When asked — on Boston Public Radio — how he’ll vote in the upcoming Nov. 8 election, Gov. Charlie Baker was all over the place, and a bit of a dour tease.

Baker said that he will likely vote against Ballot Question 2, which seeks to require that dental insurers spend a set amount of their premiums on patient care. The former health insurance executive said he sees too many unknowns.

If Question 2 passes, Massachusetts would require dental insurers to spend at least 83% of every dollar they get in premiums on patient care or quality improvements instead of administrative expenses. Similar standards are in place for medical insurance, but Massachusetts would be the first state to impose such a requirement on dental plans.

Baker said he’d like to see the next governor and Legislature do a study on the concept “and then come back and tell people what it actually means.”

The governor said he plans to vote for the liquor-licensing reforms offered in Ballot Question 3, which would gradually double the number of liquor licenses any one retailer can hold. Because the proposal would also cap how many licenses for hard liquor one store chain could hold, it’s mostly focused on expanding possible beer and wine sales.

Baker said he likes that the question keeps ultimate control over liquor licenses at the local level. He described it as “an attempt to create some compromise between the mom-and-pops and the big out-of-state chains,” competitors who have long been at odds in the realm of alcohol sales.

Baker has previously made known his opposition to adding a higher tax on income over $1 million, as proposed in Ballot Question 1 on November’s ballot.

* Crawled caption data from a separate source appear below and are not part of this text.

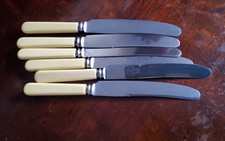 6 x Sheffield Stainless Steel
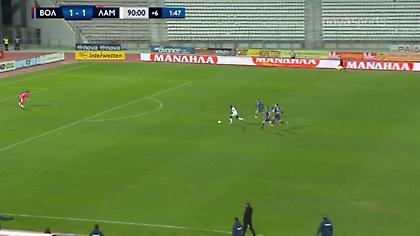 Βόλος-Λαμία: Η ευκαιρία του Μπα στο 90+2' (video)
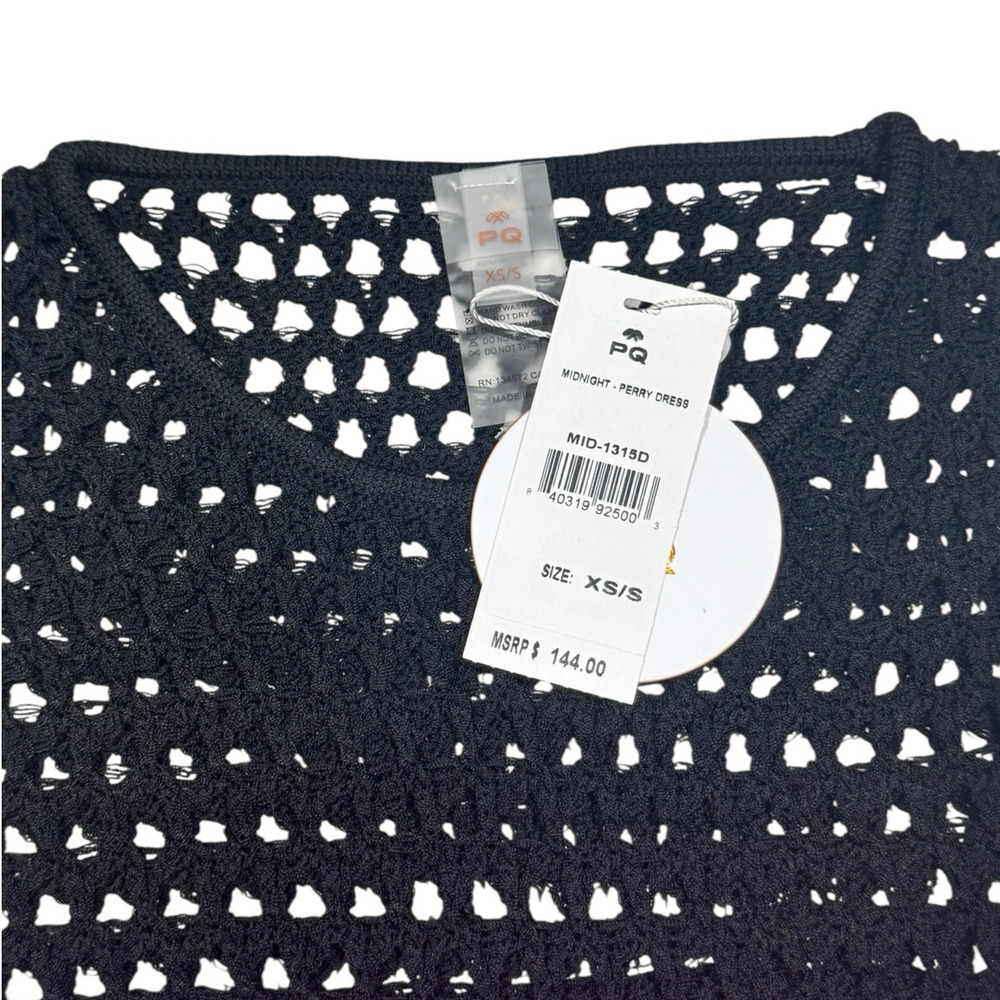 NWT! PQ Swim Midnight Perry Crochet Knit Maxi Dress - Size XS/S - Picture 8 of 9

He’s also said he would vote to repeal the new state law making people without legal immigration status eligible to apply for driver’s licenses — a bill he vetoed the first time lawmakers sent it to him.

The Republican governor has largely stayed out of statewide races this cycle, except for his endorsement of GOP auditor hopeful Anthony Amore. He continued that streak on Thursday, declining to say if he’d choose either Attorney General Maura Healey or former state Rep. Geoff Diehl to succeed him.

Healey, the Democratic nominee, has maintained a strong polling lead over Republican candidate Diehl.

One down-ballot race where Baker has weighed in is the contest for Bristol County sheriff, in which he’s backing Republican incumbent Sheriff Tom Hodgson over his Democratic challenger, Attleboro Mayor Paul Heroux. Hodgson, like Diehl, is more closely aligned with the policies of former President Donald Trump than Baker is, who blanked his 2020 presidential ballot.

“I've known Sheriff Hodgson for a long time, and there are lots of things that he and I don't agree on, but one of the things I appreciate about the sheriff is he tells me what he thinks when I don't agree with him,” Baker said. “I tell him what I think when I don't agree with him, and then we both have the ability to move on.”

Baker said the thing that bothers him most about present-day politics is that “if you don't agree with people 100% of the time, then you simply don't talk to them.”

“Even if you have jobs that require you to collaborate, you don't talk to them, you don't engage with them, and you dismiss them,” he said.

The outgoing governor said he doesn't yet know what he’ll do after leaving office in January, other than stepping into a new role as first-time grandfather in February. His oldest son, Charlie, and daughter-in-law are expecting a baby.